Middle-earth Kembali Diperluas, Film Baru "The Lord of the Rings" Siap Angkat Cerita yang Belum Pernah Difilmkan

Genvoice.id | 26 Mar 2026

JAKARTA, GENVOICE.ID - Semesta Middle-earth kembali menunjukkan geliat baru. Warner Bros. resmi mengumumkan pengembangan film terbaru dari waralaba "The Lord of the Rings", dengan keterlibatan sosok tak terduga, Stephen Colbert.

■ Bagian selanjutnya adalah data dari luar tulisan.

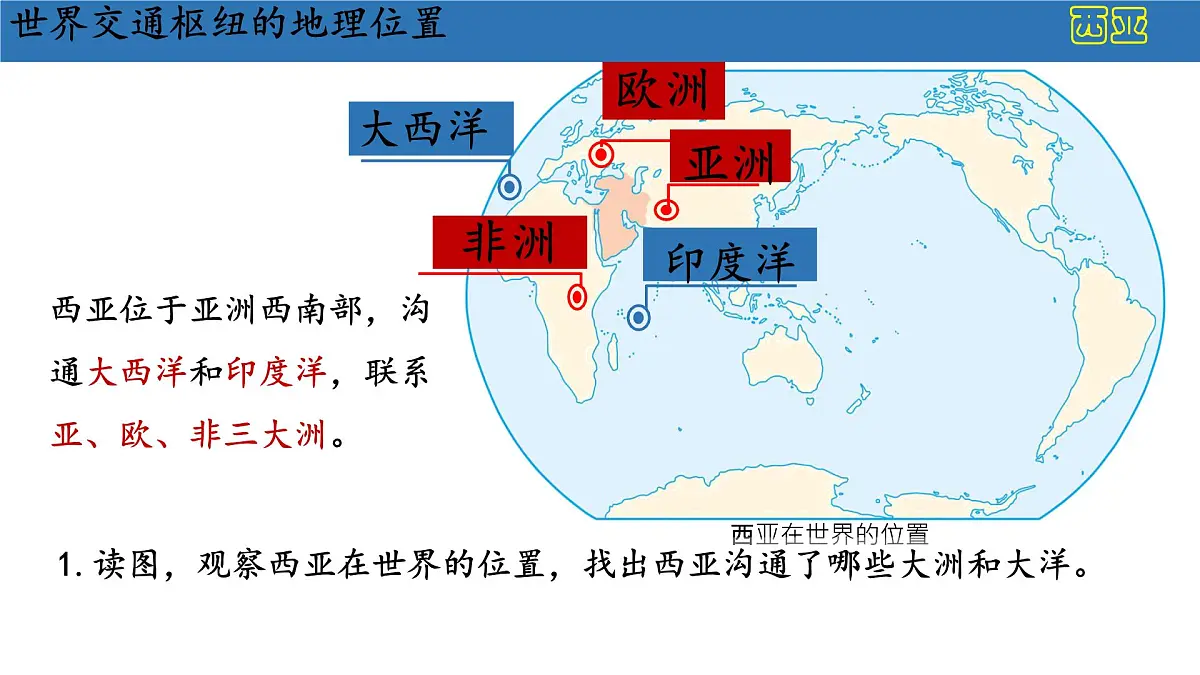 初中地理人教版(2024)七年级下册9.1 西亚 课件第5页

Pengumuman ini disampaikan bertepatan dengan perayaan Tolkien Reading Day, melalui video resmi yang juga menampilkan Peter Jackson. Dalam kesempatan tersebut, Jackson terlebih dahulu memberikan pembaruan mengenai proyek lain di dunia yang sama, yakni "The Hunt for Gollum" yang disutradarai oleh Andy Serkis.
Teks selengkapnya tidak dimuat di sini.